Belize has taken the first step in removing Queen Elizabeth as head of state following Prince William and Kate Middleton’s three-day visit to the country from Saturday (March 19) to Monday (March 21).
According to reports, the Belize government is looking into becoming a republic and has already advised the People’s Constitutional Commission, a body under the Constitutional and Political Reform Ministry, which will be holding consultations across the country on the continuing decolonisation process.
“The decolonisation process is enveloping the Caribbean region – perhaps it is time for Belize to take the next step in truly owning our independence,” a Belize government minister says.
The relationship between Britain and Belize has soured in recent years, and the Duke and Duchess of Cambridge got to experience first-hand just how strained the relationship has gotten.
While touring the northern Caribbean country, the Duke and Duchess were met with angry protesters who demanded an apology for slavery and reparations for a ‘colonial legacy of theft’.
The royals were also left with no choice but to cancel an engagement they had planned in the country due to protests against the monarchy.
After Kate and William completed their Belize tour on the first leg of their official visit. They then left Belize for Jamaica where they were also met with similar protests.
Following their arrival in Jamaica on Tuesday (March 22), the Prince and his wife Kate met with Prime Minister Andrew Holness on Wednesday (March 23) for a courtesy call.
In the meeting with the royals, Holness echoed the sentiments of Jamaicans, telling the couple that the country is “moving on” and intend to fulfil its “true ambition” to be “independent.”
“Jamaica is as you would see a country that is very proud of its history, very proud of what we have achieved and we are moving on, and we intend to attain in short order and fulfil our true ambition as an independent, developed, prosperous country,” Holness said.
Additionally, the PM seemingly addressed ongoing protests against the monarchy over its slavery past.

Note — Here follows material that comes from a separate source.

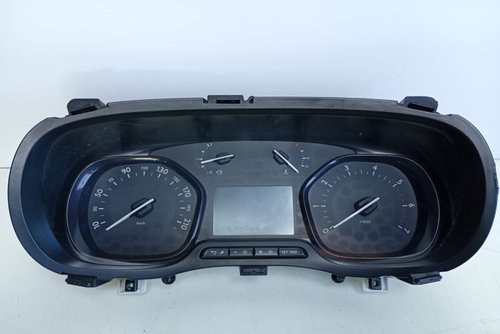 Ceas bord 9837473080 Peugeot Expert 3 [2017]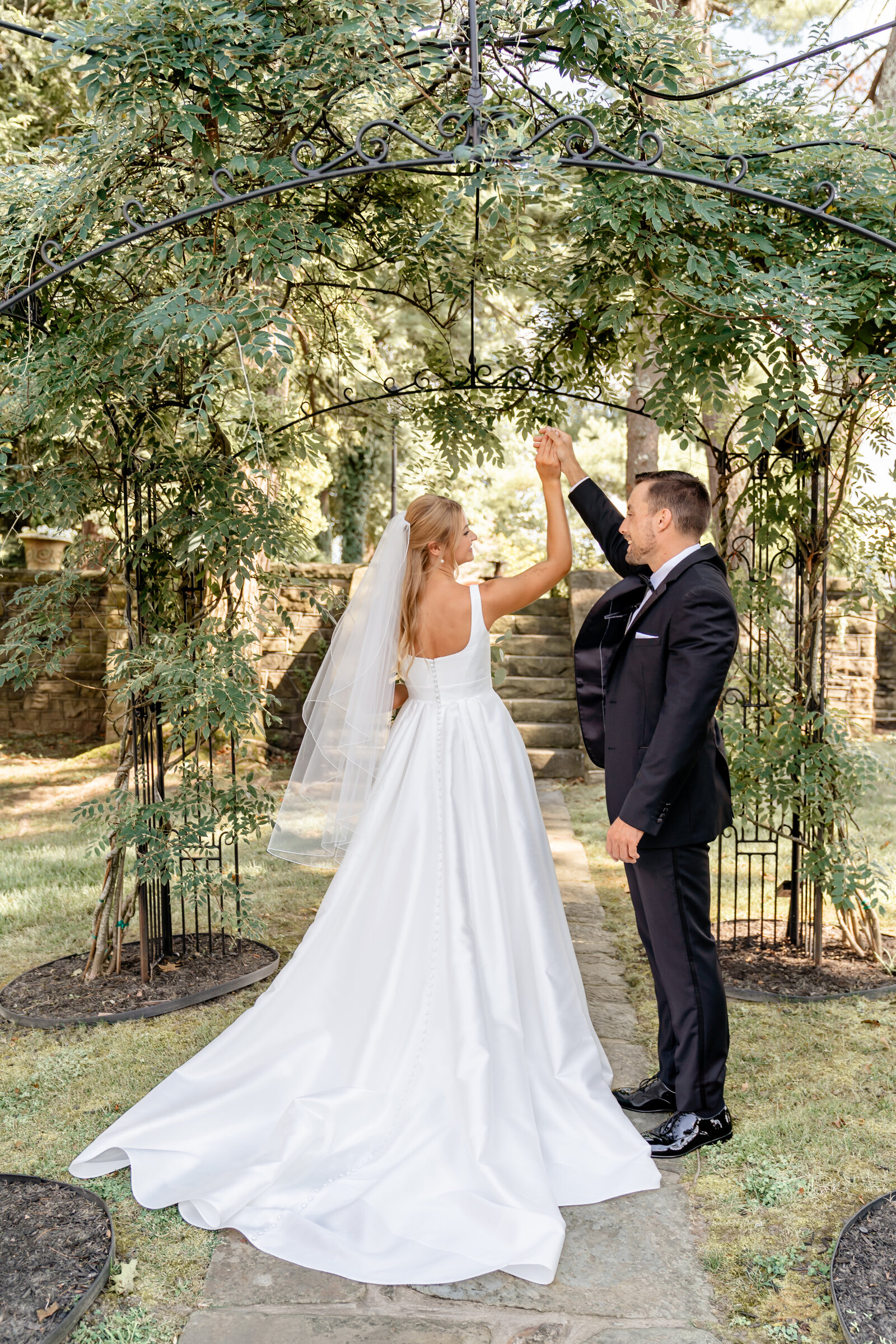 WV PA MD OH VA DC Wedding Photographer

“There are issues here which are, as you would know, unresolved,” he continued.
“But your presence gives an opportunity for those issues to be placed in context, put front and centre, and to be addressed as best as we can,” the prime minister added.
Though the PM signalled Jamaica becoming a Republic, according to a recent survey many Jamaicans are still torn on whether this is a good move for the country, while others think that the government is selling a dream that will never happen.
The couple departed Jamaica on Thursday (March 24) for the Bahamas to complete their third and final leg of the Caribbean tour in celebration of the Queen’s platinum jubilee, marking her 70 years on the English throne.